Senator Joni Ernst is using Facebook to gin up support for the new tax bill. It is a one-sided picture, to say the least.

So, what does it really mean for Iowans that the tax bill is law?

  • Middle and low-income Iowans will see temporary ​tax cuts in the short term that are ​drastically smaller​​ than those high-income taxpayers will see — and these will be taken away or turned into tax increases by 2027 to help pay for permanent tax cuts for corporations.
  • Millions of people nationwide will lose health insurance coverage as elimination of the individual mandate drives up costs for all.
  • The wealthy will keep more millions of dollars that have never been taxed due to further exemptions in the estate tax.
  • The Child Tax Credit will be extended to affluent families who do not need assistance, while 86,000 children in working families in Iowa receive a token increase of $75 or less — both expansions to evaporate after 2025.
  • Businesses will get enormous, permanent tax breaks with no requirements to create jobs.

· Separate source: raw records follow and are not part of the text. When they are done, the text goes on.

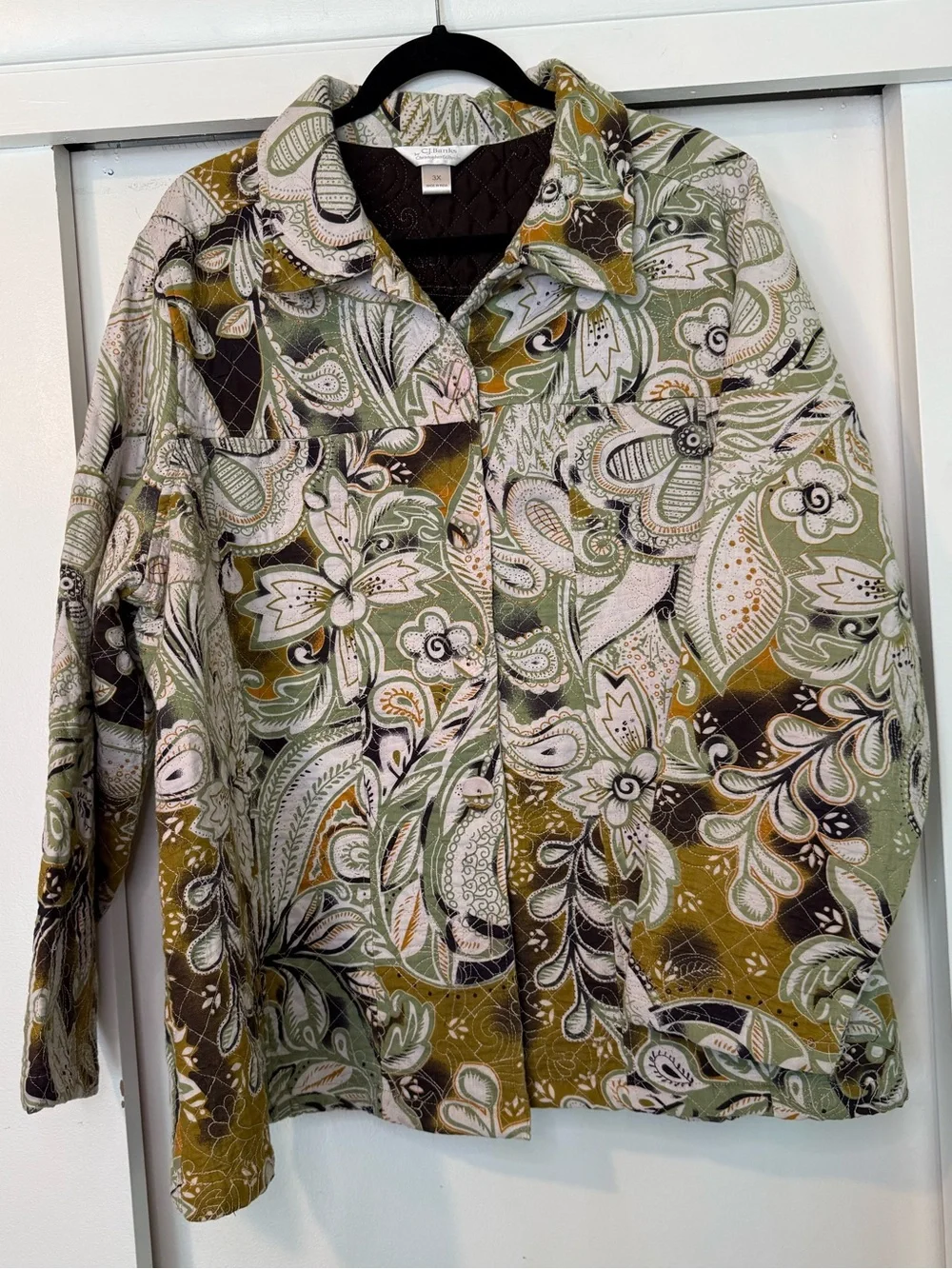 CJ Banks Olive, Cream & Brown Paisley Quilted Jacket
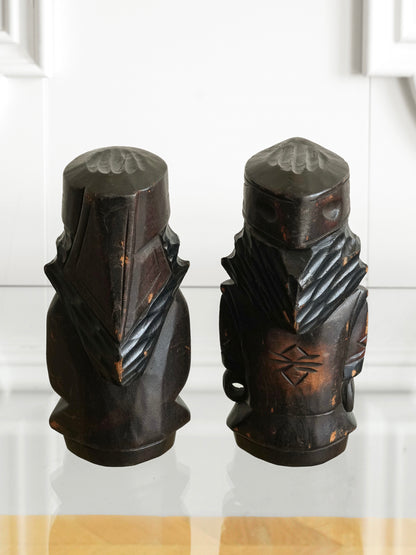 Pair of Vintage Ainu Wooden Figurines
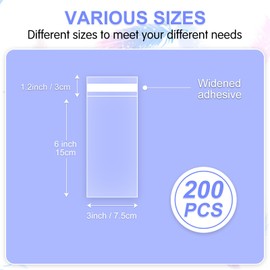 COQOFA Long Self Adhesive Cellophane Bags 3x6 200 Pcs Clear Cookie Candy Treat Bags Resealable Self Sealing Plastic Cello Bags Long Strip Transparent Individual Bags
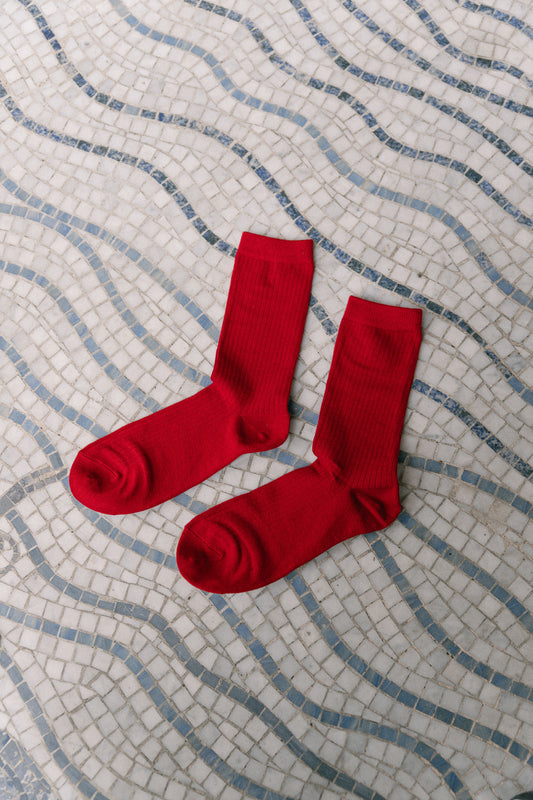 Les Jumelles SLFRose sock equestrian red
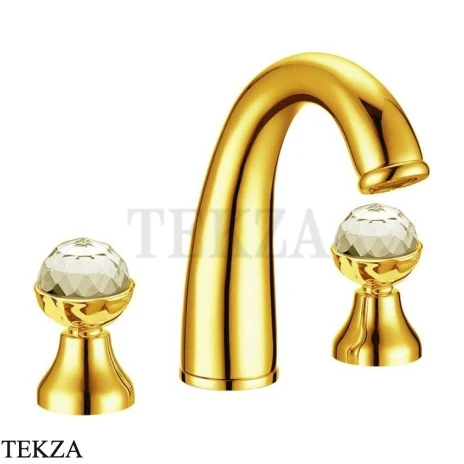 Boheme Imperiale Presente 337 Смеситель для раковины на 3 отверстия, без донного клапана, золото глянец (GOLD)
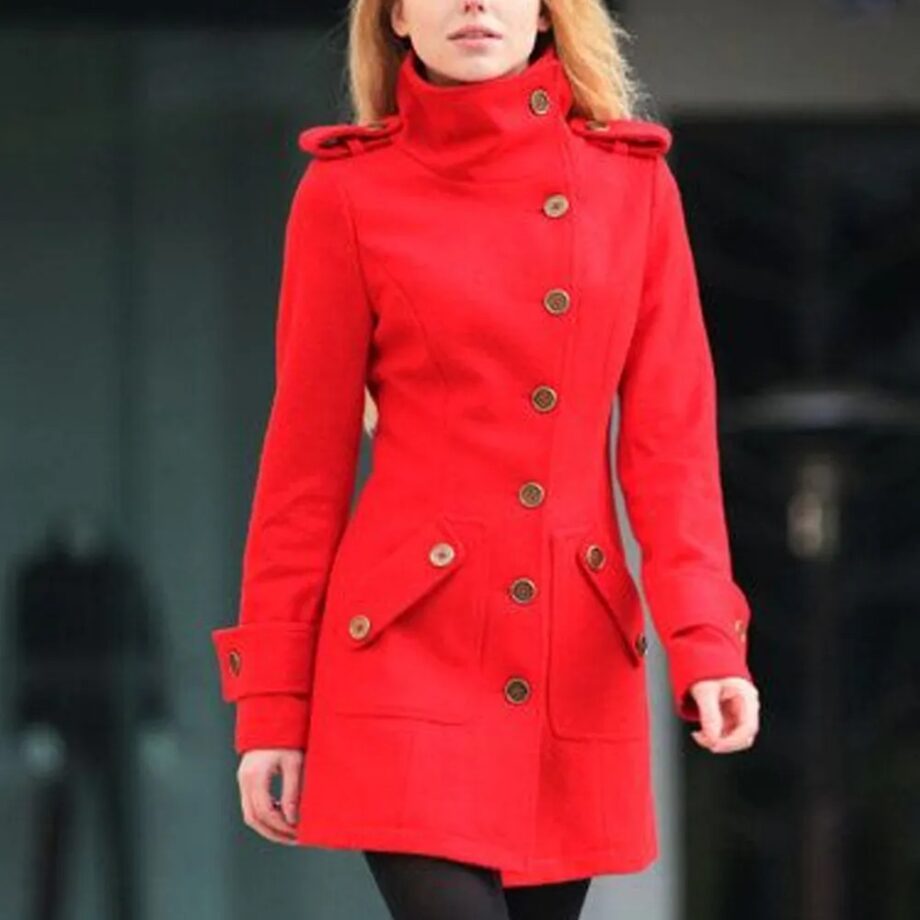 Women Fitted Military Style Red Wool Coat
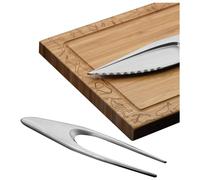 Tagliere in Legno di Bamboo con Posate per Carne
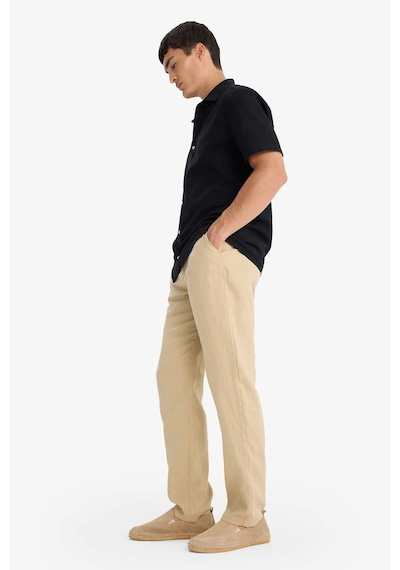 DeFacto %100 Keten Relax Fit Rahat Kesim Düz Paça Yazlık Pantolon C1117AX25SPBG732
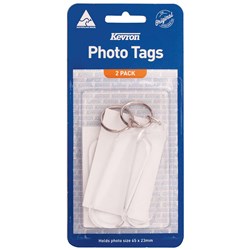 Kevron Id59 Long Oblong  Acrylic Tags With Assorted  Designs Clear Pack Of 2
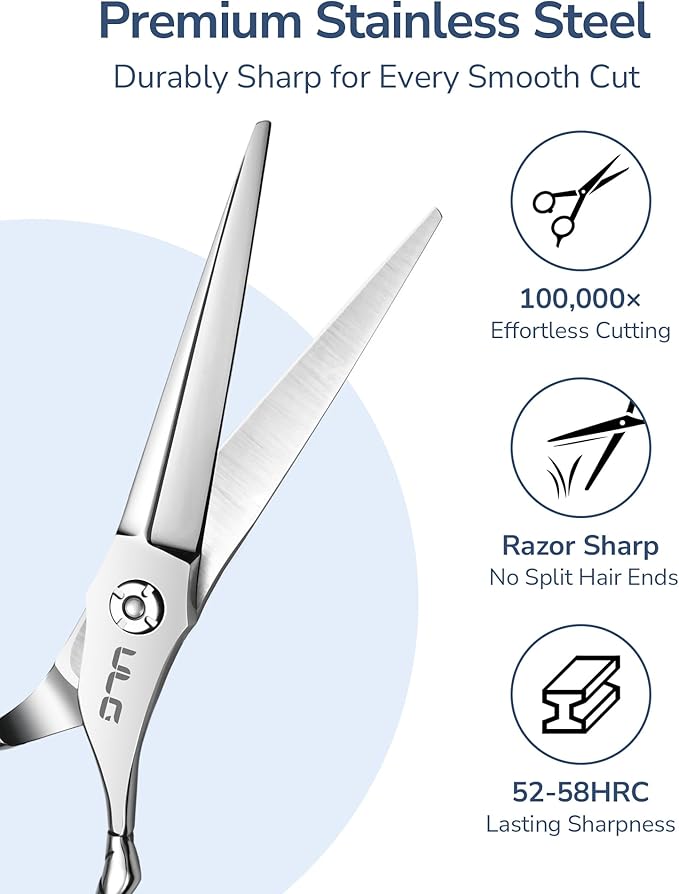 ULG Professional Hair Cutting Scissors 7" Japanese Stainless Steel Hand-Honed Barber Scissors for Home & Salon Use, Ergonomic Textured Handle for Men & Women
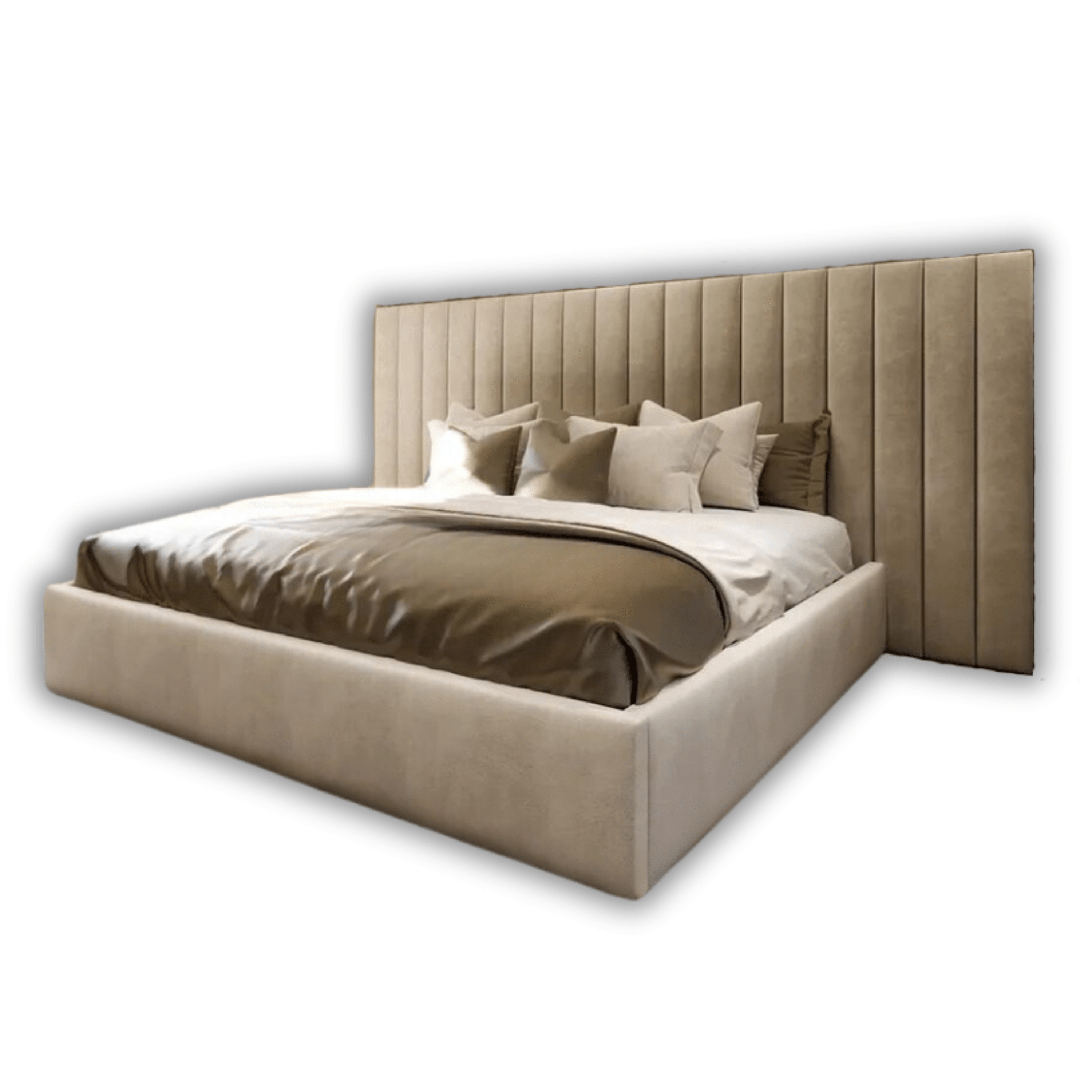 Bed Kings Fabric Bed Amberley Luxury Bed With Extra Wide Headboard Bed Kings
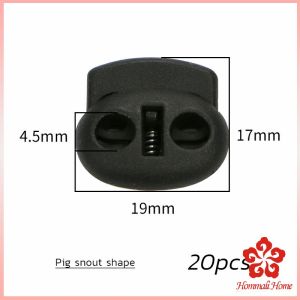 PHM สต๊อปเปอร์ ตัวล๊อคเชือก ตัวล็อคสาย อุปกรณ์เสื้อผ้า วัสดุพลาสติก สีดำ rope stopper
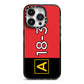 Personalised Runway Holding Position iPhone 14 Pro Black Impact Case on Silver phone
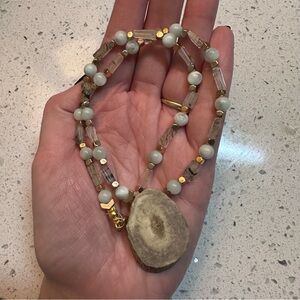 Elegant Green Moonstone and Gold Hematite Beaded Necklace with Antler Pendant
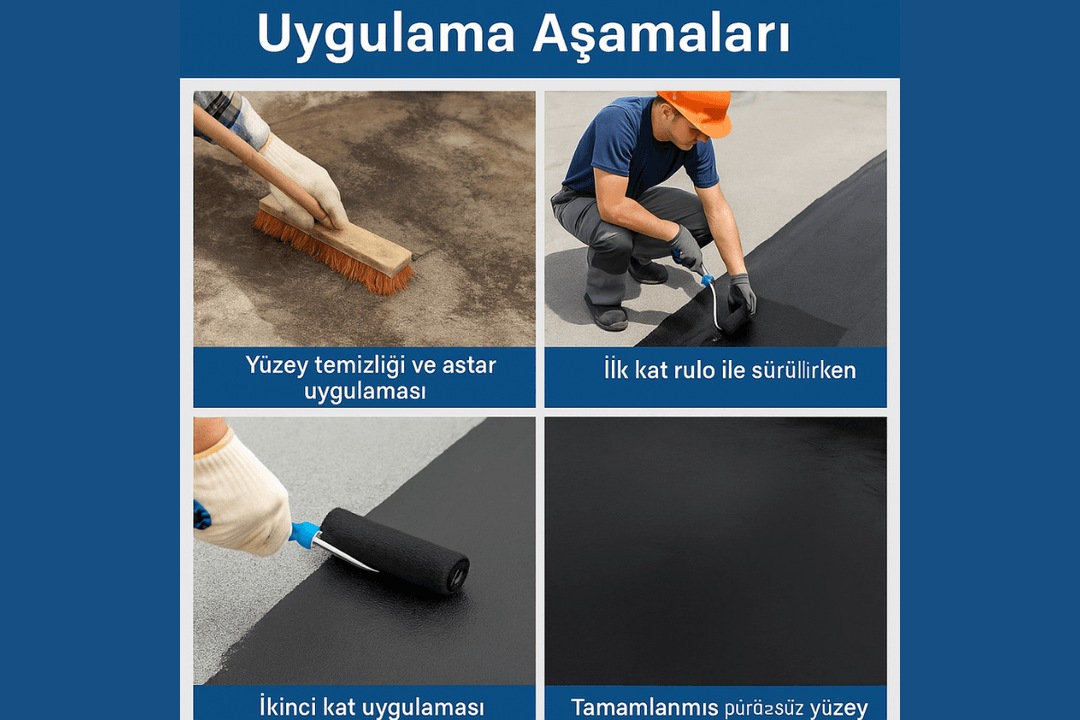 Poliüretan likit membran uygulama aşamaları – yüzey hazırlığı, kat uygulaması, tamamlanmış izolasyon.
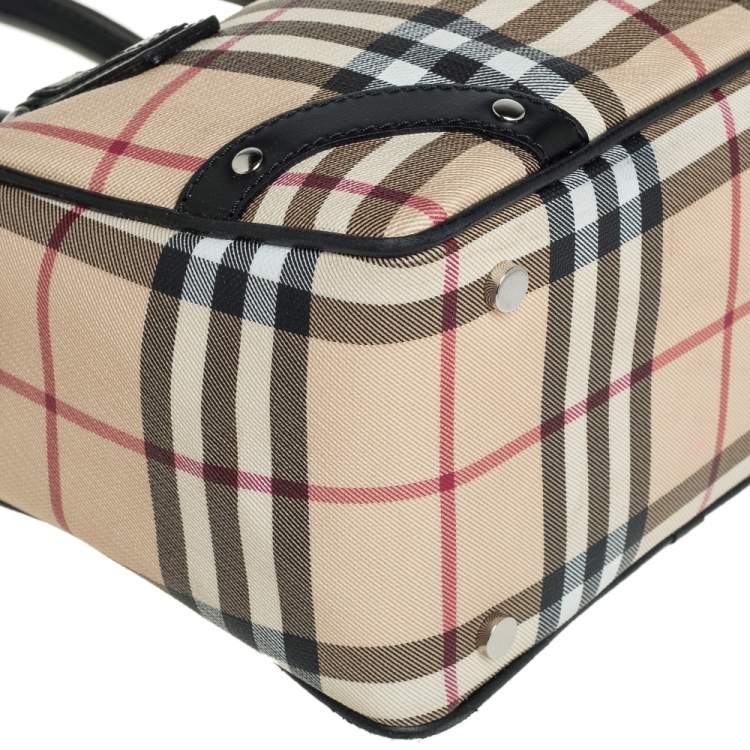 Pre Owned Burberry Beige House Check Coated Canvas Small Chester Boston Bag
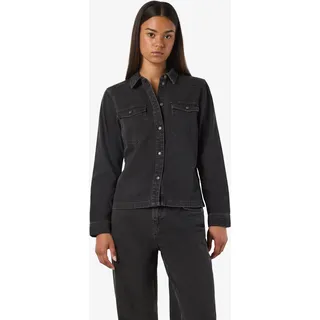 Jeansbluse NOISY MAY "NMNEW SIGNE L/S DENIM SHIRT VI001BL NOOS", Damen, Gr. S, schwarz (schwarz denim), Denim/Jeans, Obermaterial: 100% Baumwolle, unifarben, hüftlang, Blusen Jeansbluse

Some might recall a longtime radio commentator, Paul Harvey, and his “Rest of the Story” pieces. The points above are the “rest of the story” that you might not hear from backers of the latest tax giveaway in Congress. You might be OK with them and call them the “best of the story.”

Or, you might be concerned about the impact they will have on U.S. and Iowa families, on national debt and new challenges they bring to the safety net, and call them the “worst of the story.”

But they are the real story, and they should not be forgotten as the spin continues.